[[ Supplied records, beginning ]]
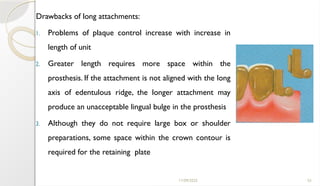 11/09/2025 55
Drawbacks of long attachments:
1. Problems of plaque control increase with increase in
length of unit
2. Greater length requires more space within the
prosthesis. If the attachment is not aligned with the long
axis of edentulous ridge, the longer attachment may
produce an unacceptable lingual bulge in the prosthesis
3. Although they do not require large box or shoulder
preparations, some space within the crown contour is
required for the retaining plate
 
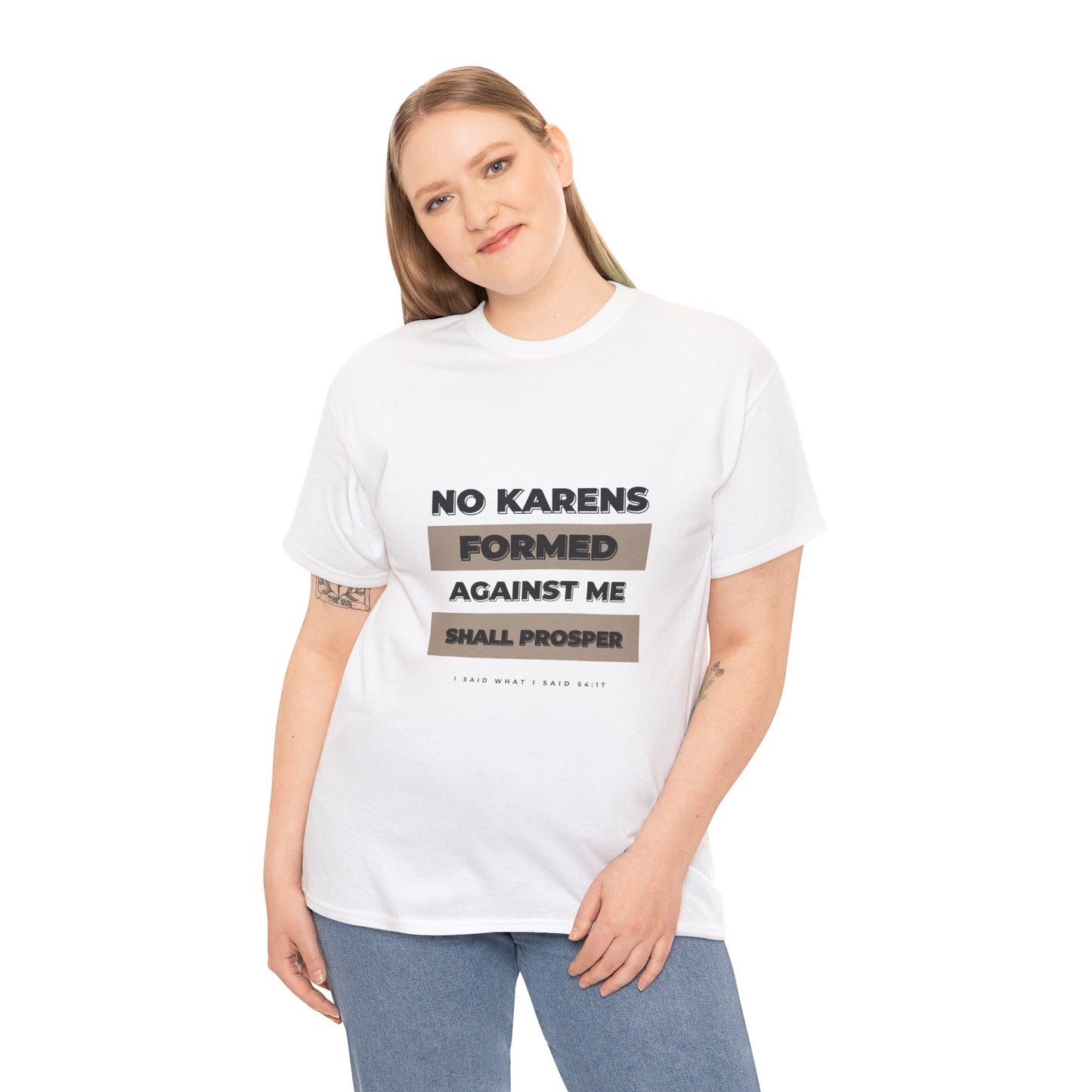 No Karen Formed Against Me Shall Prosper!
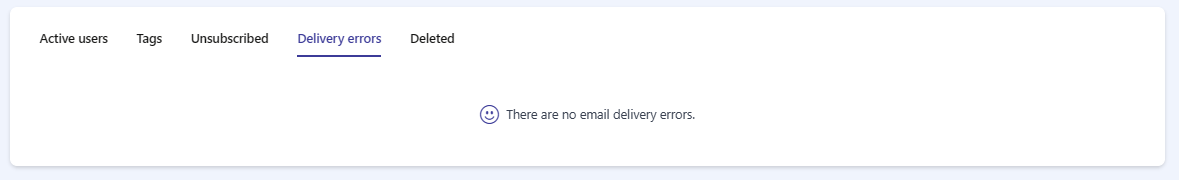 The Delivery errors tab showing the message There are no email delivery errors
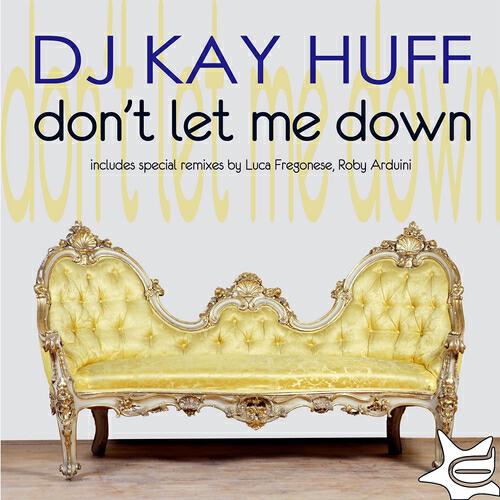 DJ Kay Huff - Don't Let Me Down (Roby Arduini Radio Edit)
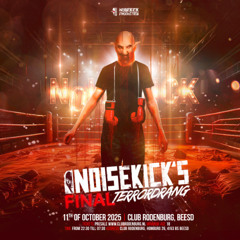 NOISEKICK'S THE FINAL TERRORDRANG AFTER MIX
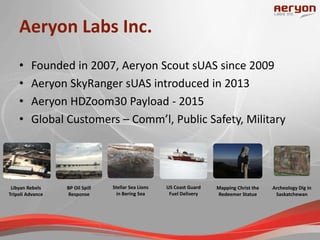 Aeryon Labs Inc.
• Founded in 2007, Aeryon Scout sUAS since 2009
• Aeryon SkyRanger sUAS introduced in 2013
• Aeryon HDZoom30 Payload - 2015
• Global Customers – Comm’l, Public Safety, Military
Archeology Dig in
Saskatchewan
Stellar Sea Lions
in Bering Sea
Libyan Rebels
Tripoli Advance
BP Oil Spill
Response
US Coast Guard
Fuel Delivery
Mapping Christ the
Redeemer Statue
[[ Supplied records, end ]]
▶ [Problem to work on]:
Skip every picture and retype only the lines from the line with "The Delivery errors" through the last line of the listing, both ends included, exactly as they appear.

▶ [Response for this exercise]:
 The Delivery errors tab showing the message There are no email delivery errors
 DJ Kay Huff - Don't Let Me Down (Roby Arduini Radio Edit)
 NOISEKICK'S THE FINAL TERRORDRANG AFTER MIX
 Aeryon Labs Inc.
• Founded in 2007, Aeryon Scout sUAS since 2009
• Aeryon SkyRanger sUAS introduced in 2013
• Aeryon HDZoom30 Payload - 2015
• Global Customers – Comm’l, Public Safety, Military
Archeology Dig in
Saskatchewan
Stellar Sea Lions
in Bering Sea
Libyan Rebels
Tripoli Advance
BP Oil Spill
Response
US Coast Guard
Fuel Delivery
Mapping Christ the
Redeemer Statue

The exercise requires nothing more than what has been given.